Anthony Brandt

Class of 1987
School of Music MFA
Alumnx

It was my happy responsibility to meet Mel Powell in the parking lot with his mobile wheelchair before his first composition lesson of the day. One morning, I rode the mobi-chair out to the lot at the appointed hour. No Mel. Time passed. Still no Mel, which was unusual because he was always so punctual. Not sure what to do, I rode the chair back to his office in case he might call (this was before cellphones). After over an hour, the phone finally rang: Mel’s car had broken down on the highway. Unable to walk to an emergency phone, Mel had stood along the road with his handicapped sign, and said that three police cars had driven past before one finally stopped.
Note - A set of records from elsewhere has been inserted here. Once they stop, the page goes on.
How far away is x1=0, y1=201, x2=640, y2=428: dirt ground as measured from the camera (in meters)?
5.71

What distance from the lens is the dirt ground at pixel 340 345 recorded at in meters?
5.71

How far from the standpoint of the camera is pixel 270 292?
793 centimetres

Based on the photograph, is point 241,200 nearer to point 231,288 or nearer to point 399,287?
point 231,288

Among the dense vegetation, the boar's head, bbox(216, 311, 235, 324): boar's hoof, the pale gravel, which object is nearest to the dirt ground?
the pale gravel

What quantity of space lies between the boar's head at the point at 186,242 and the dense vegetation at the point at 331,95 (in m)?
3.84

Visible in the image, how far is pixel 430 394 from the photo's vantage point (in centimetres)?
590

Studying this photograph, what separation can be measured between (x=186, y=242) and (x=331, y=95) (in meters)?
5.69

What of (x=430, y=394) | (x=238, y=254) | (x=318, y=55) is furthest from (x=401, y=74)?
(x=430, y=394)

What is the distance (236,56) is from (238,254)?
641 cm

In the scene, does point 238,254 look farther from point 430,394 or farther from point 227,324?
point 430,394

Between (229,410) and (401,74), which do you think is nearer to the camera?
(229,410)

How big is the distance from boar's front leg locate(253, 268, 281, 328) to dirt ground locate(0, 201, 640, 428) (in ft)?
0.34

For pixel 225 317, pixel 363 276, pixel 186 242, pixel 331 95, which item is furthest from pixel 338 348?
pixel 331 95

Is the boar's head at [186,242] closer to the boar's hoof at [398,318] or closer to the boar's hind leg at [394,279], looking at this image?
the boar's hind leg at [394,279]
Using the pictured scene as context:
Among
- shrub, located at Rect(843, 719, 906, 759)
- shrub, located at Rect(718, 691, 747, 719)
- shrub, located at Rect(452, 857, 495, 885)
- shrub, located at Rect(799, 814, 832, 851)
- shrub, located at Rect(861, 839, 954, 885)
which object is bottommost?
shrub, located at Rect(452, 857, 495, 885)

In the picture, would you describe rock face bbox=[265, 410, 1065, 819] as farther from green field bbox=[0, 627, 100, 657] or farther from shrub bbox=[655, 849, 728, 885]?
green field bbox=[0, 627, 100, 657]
His car been towed at last to a repair shop, and he was renting a car and heading into school. “Wait!” I said. You’ve already been through enough; none of us need a lesson that badly. Please take the day off. Not to be dissuaded, Mel insisted on coming to school. Sure enough, a little while later, he arrived, his hair blown into a stormy cloud from having stood among the speeding cars. He taught his full day of lessons. It’s hard to overstate what it means when a composer all of us revered came in to teach in spite of every reasonable excuse not to. It was emblematic of the impression that Mel always gave that teaching didn’t get in the way of his creative life but rather added to it. For that, I will always be unwaveringly grateful.